The problem is when I add the generated quantities block that tries to get the log likelihood and the predicted value of each data point .

generated quantities {
  matrix[n_u,n_u] Cor_u;        
  vector[N] log_lik;            
  vector[N] y_hat;              // predicted y
  real raw_intercept;           //raw intercept if log values
  vector[P-1] raw_beta;         //raw effect size if log values
  Cor_u = tcrossprod(L_u);      //Correlations between random effects by subj
  if (logT == 1) { 
    raw_intercept = exp(alpha);
    raw_beta = exp(alpha + beta) - raw_intercept;
  } 
  for (n in 1:N){           
    log_lik[n] = normal_lpdf(y[n] | alpha + X_beta[n] * beta + Z_u[n] * u[subj[n]], sigma);
    y_hat[n] = normal_rng(alpha + X_beta[n] * beta + Z_u[n] * u[subj[n]], sigma);
  }	
}

When I run the model with the generated quantities block, obviously the size of the fitted object gets unreasonably large (7.4 Gb) and, as I am fitting 2 different model versions to 4 measures, I cannot load all the 8 models for my post-fit analysis (models are fitted on an HPC but supposed to be read on a normal RAM sized PC and publicly shared afterwards).

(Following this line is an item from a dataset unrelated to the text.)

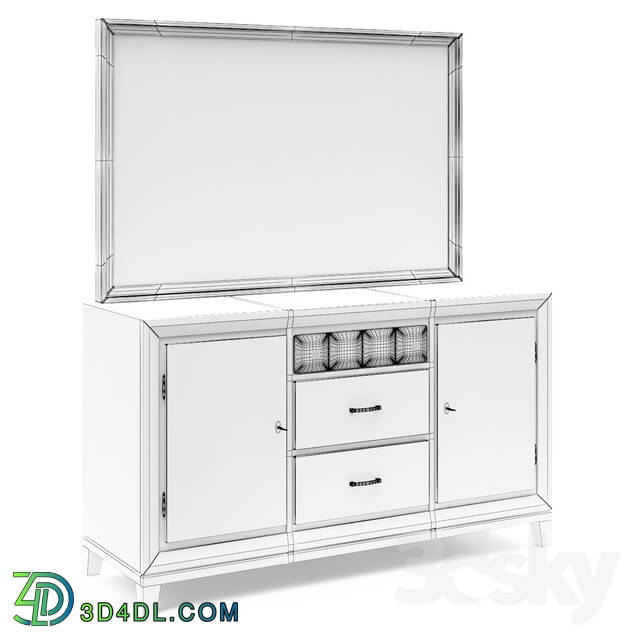 Sideboard _ Chest of drawer - Mirror table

The reason I need these outputs is :

  1. To use posterior predictive checks
  2. To select the best fitting model (from the 2 version used) for each measure using WAIC

Hence my question : is there a way to drastically reduce memory usage while keeping the log likelihood and the predicted values for all the datapoints ? Or should I be more reasonable and somehow use summary statistics ?

Don’t use WAIC. Use LOO. Don’t calculate log_lik in the generated quantities block. Pass a function to loo that returns the log-likelihood contribution for the i-th observation for all posterior draws as documented

function : A function f that takes arguments data_i and draws and returns a vector containing the log-likelihood for a single observation i evaluated at each posterior draw. The function should be written such that, for each observation i in 1:N , evaluating f(data_i = data[i,, drop=FALSE], draws = draws) results in a vector of length S (size of posterior sample). The log-likelihood function can also have additional arguments but data_i and draws are required.
If using the function method then the arguments data and draws must also be specified in the call to loo :

Thanks for your answer, unfortunately using the loo package would bring me out of the python environment I am using. I would prefer a solution that could be implemented in python.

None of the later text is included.